*EXERCISE GOAL*: The range to repeat runs from the line with "318 | eFootball" to the last line below, both ends included; give it exactly and without pictures.

Records from a collection:
Segment Open

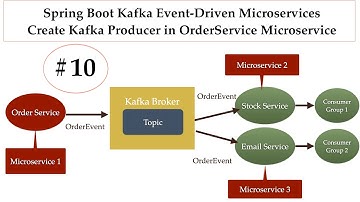 Spring Boot Kafka Microservices - #10 - Create Kafka Producer in OrderService Microservice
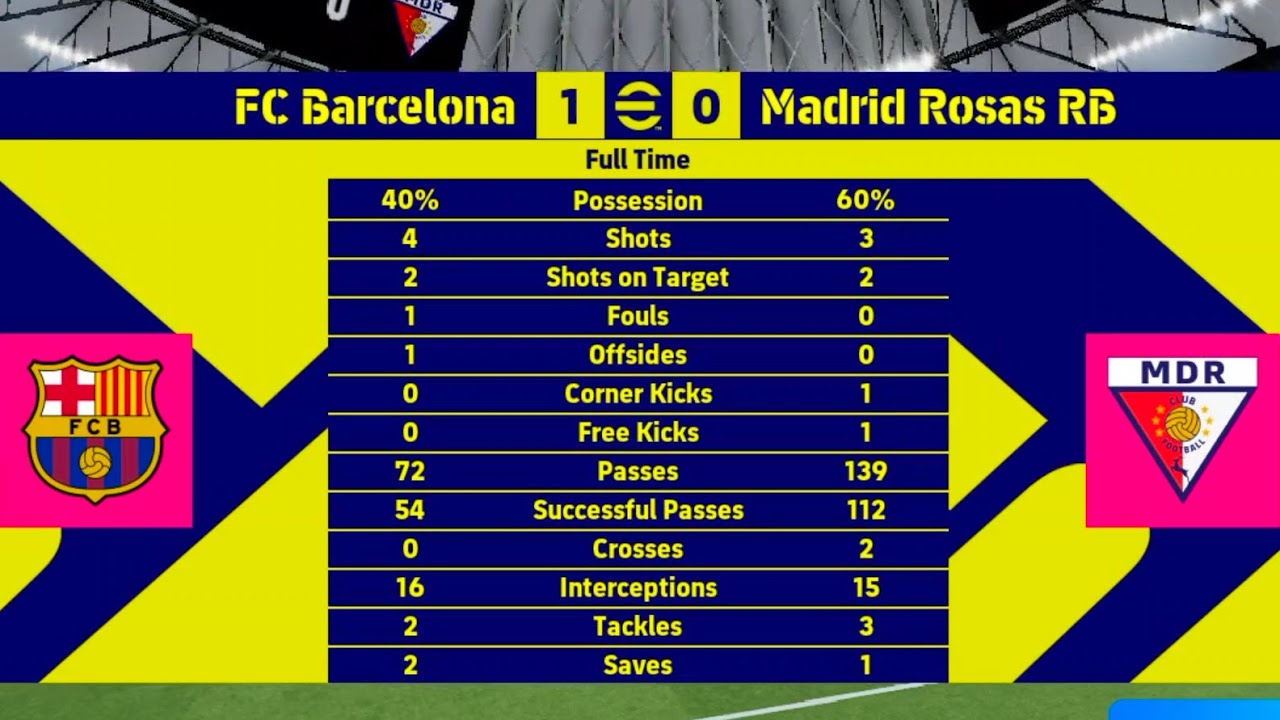 318 | eFootball | Barcelona vs Madrid | 1-0 | #efootball #pes #football #shorts #fyp #gaming 
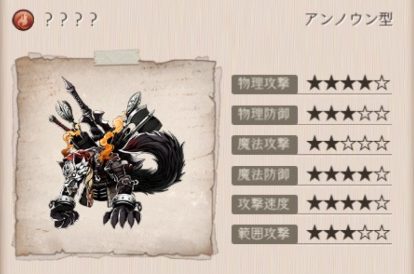 【シノアリス】アンノウン（暴力）型ナイトメアの攻略と倒し方の画像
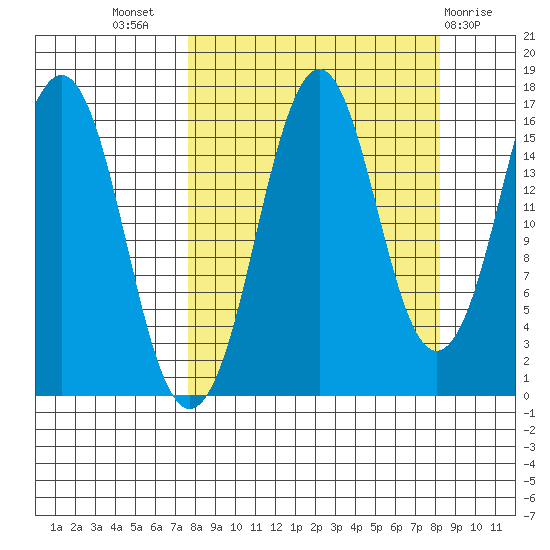 Bear Cove tide chart for Saturday, September 18, 2021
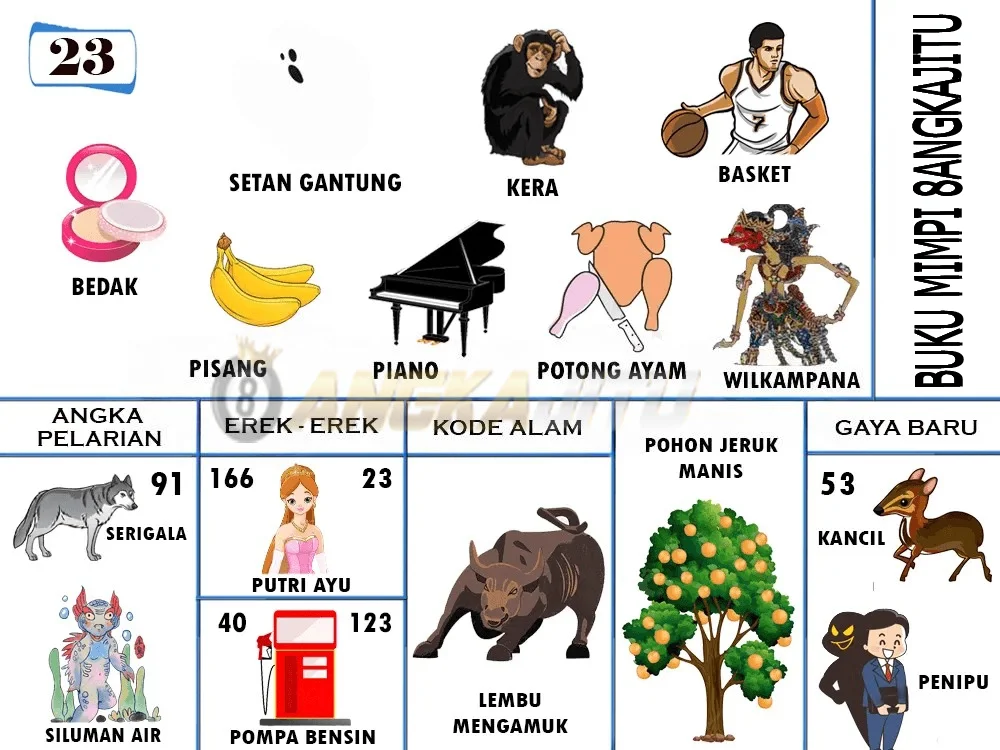 buku mimpi erek erek togel 23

Segment Closed

*REPLY*:
 318 | eFootball | Barcelona vs Madrid | 1-0 | #efootball #pes #football #shorts #fyp #gaming 
 【シノアリス】アンノウン（暴力）型ナイトメアの攻略と倒し方の画像
 Bear Cove tide chart for Saturday, September 18, 2021
 buku mimpi erek erek togel 23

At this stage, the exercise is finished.